Global stocks make gains as Fed-fired volatility eases


By Richard Hubbard, Reuters and AFP

LONDON/HONG KONG–World shares were set to end a volatile week on a positive note on Friday and the dollar reached a 4-month high against the yen as worry dissipated about an end to the Federal Reserve’s stimulus. Volatility has eased as investors realize that scaling back the Fed’s bond-buying program, which will probably begin in the first quarter of next year, does not necessarily mean rates will rise soon afterwards. “I think people have got the message,” said Laurent Fransolet, head of European fixed-income strategy at Barclays. “Everyone is starting to differentiate between tapering and tightening.” Solid U.S. data has eased concern that weaker growth in China and the euro zone may set back the fragile global economic recovery. The data helped to bolster the optimistic tone, especially on world equity markets. On Wall Street, the Dow Jones Industrial Index closed above 16,000 for the first time ever. Europe’s share markets joined the trend. All the major European indices up as much as 0.5 percent in early trading. The broad FTSE Eurofirst 300 index of top European shares had risen by 0.25 percent as a key barometer of investor sentiment, the Euro Stoxx 50 Volatility index dropped 3.6 percent to reach its lowest level since early 2007. A lower reading is a sign of rising confidence. MSCI’s world equity index was up 0.2 percent, although it was still likely to end the week lower. “The markets have got a lot of liquidity and it’s going to be a gentle lift upwards for equities,” Michael Gallagher, managing director of IDEAGlobal. “We might see it slow waiting for the U.S. employment report and the December meeting of the Fed.” The Dow’s first close above 16,000 pushed most world stocks higher Friday but gains were kept in check by worries the Federal Reserve will cut its monetary stimulus soon.

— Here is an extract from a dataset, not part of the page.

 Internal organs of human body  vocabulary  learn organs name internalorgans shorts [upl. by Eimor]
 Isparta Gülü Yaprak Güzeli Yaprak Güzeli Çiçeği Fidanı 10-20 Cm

In Europe, France’s CAC 40 rose 0.4 percent to 4,268.62 while Germany’s DAX and Britain’s FTSE 100 were little changed. Futures suggested more gains on Wall Street, with Dow and S&P 500 futures both up 0.1 percent.

The Dow has been propelled higher by a combination of solid corporate earnings, a steadily strengthening economy and the Fed’s monetary policy.

Since the start of the year, the blue chip index is up 22 percent. If it holds onto those gains, the Dow will have its best year since 2003. The Dow topped 14,000 in February and 15,000 in May.

Asian markets mostly rose on Friday after the Dow closed above the 16,000 level for the first time on the back of a slew of upbeat economic data. Tokyo rose 0.10 percent, or 16.12 points, to 15,381.72, well off earlier highs as the yen made inroads against the dollar in the afternoon. Sydney advanced 0.90 percent, or 47.6 points, to 5,335.9 and Seoul added 0.62 percent, or 12.45 points, to 2,006.23. Hong Kong was 0.49 percent higher, adding 115.99 points to 23,696.28. Shanghai ended 0.43 percent lower, slipping 9.39 points to 2,196.38 as profit-takers moved in after the index rose more than three percent over the week when Beijing unveiled a blueprint for reforming the economy. Gold fetched US$1,242.80 per ounce at 1107 GMT compared with US$1,247.52 on Thursday.